Be careful about how you show your feelings that you supposedly "still trust her and am not mad at her", this is potentially LETHAL to the relationship!!!!

Still trust her??? Not mad at her??? Are you being honest with yourself??? I would bet my last dollar that that's the last thing your wife wants you to say or demonstrate. I say she WANTS you let loose "how you really feel" because at her soul she is devasted by her own behavior and wants you to SHOW her that she is worth getting angry and jealous over, and she is WORTH the grave risk she took admitting the affair and that she is WORTH forgiving and becoming even more intimate with. 

My advice? Let it all out. Confront her BOLDLY, tell her everything you would have told her if the affair had just happened yesterday, and confront your best friend too if you haven't already.

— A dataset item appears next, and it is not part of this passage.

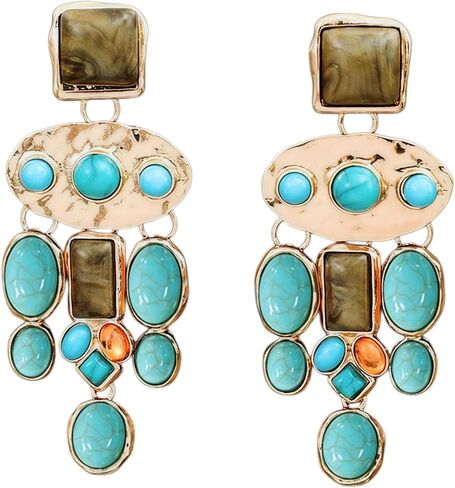 Western Boho Earrings for Women Big Chandelier Peacock Jewelry Vintage Statement Hippie Earrings 60s Country Women's Drop & Dangle Earrings in Kuwait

Bare your soul, be BRUTALLY honest with yourself and to your wife. And then with a clear head and clear conscience, if forgiveness is truly in your heart you can move forward with dignity and integrity.

Best of luck to you.


----------



## Victorianprude (Nov 30, 2009)

Heal

Based on sleppless nights and not feeling right the posters are correct you need to vent the feelings, decide next course of action.

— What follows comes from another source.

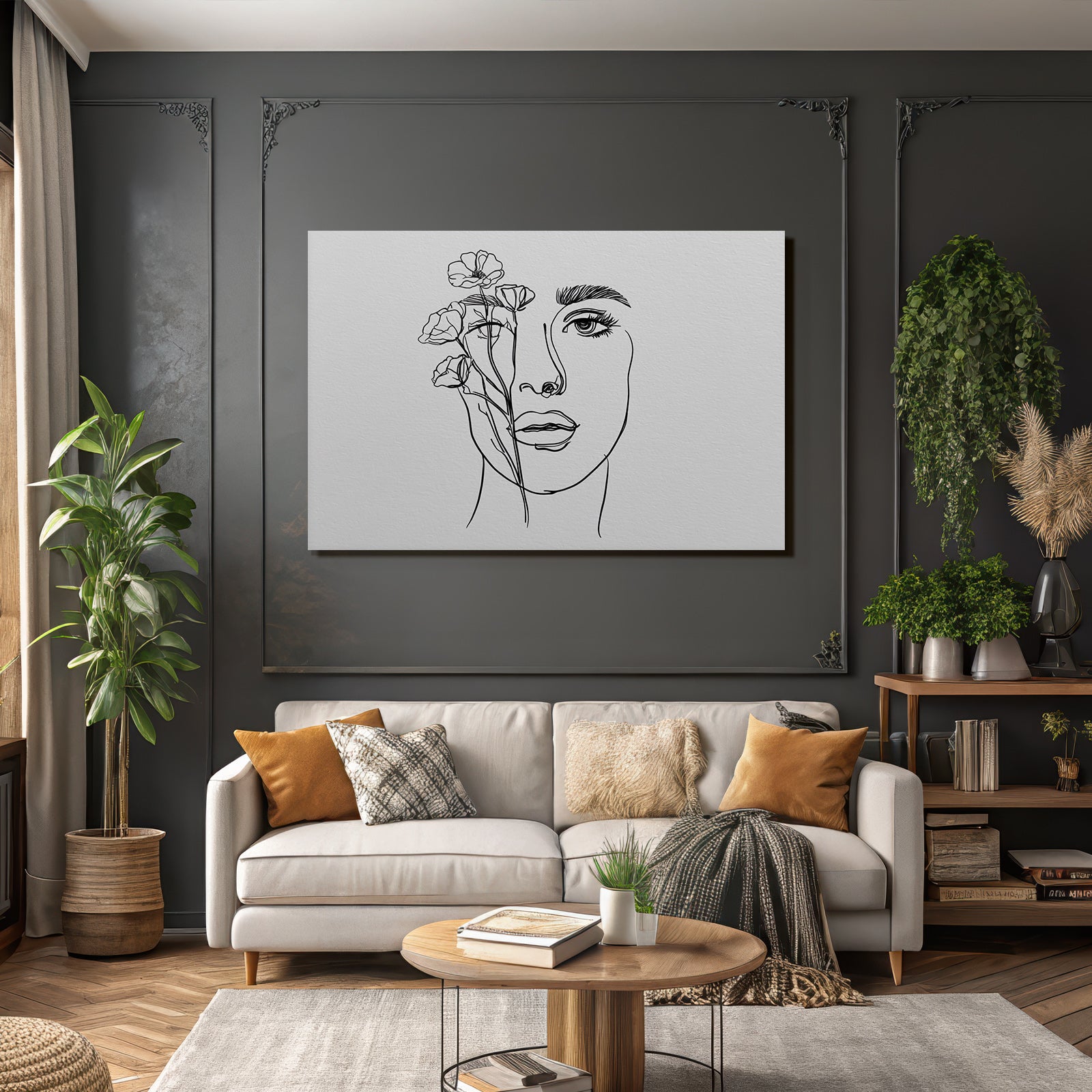 Minimalistische Linienzeichnung Von Fraünkopf Mit Blumen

Best of luck, know the sleepless nights.


----------



## wanting to heal (Nov 25, 2009)

Thanks for the feedback. I've really done more self-digging, but I just can't seem to find anger or bitterness. I've asked TONS of questions, and we talk about it often, detail by detail. I would think that going over details would cause me to "blow up", but it doesn't. 

Anyways, thanks again for the feedback.


----------



## Victorianprude (Nov 30, 2009)

Heal,

Perhaps you are already on the road to healing, its been a long time since affair.

So the sharpness of a today affair is not evident.

Be well my friend and good luck.


----------



## wanting to heal (Nov 25, 2009)

Victorianprude said:


> Heal,
> 
> Perhaps you are already on the road to healing, its been a long time since affair.
> 
> ...


Thanks.


----------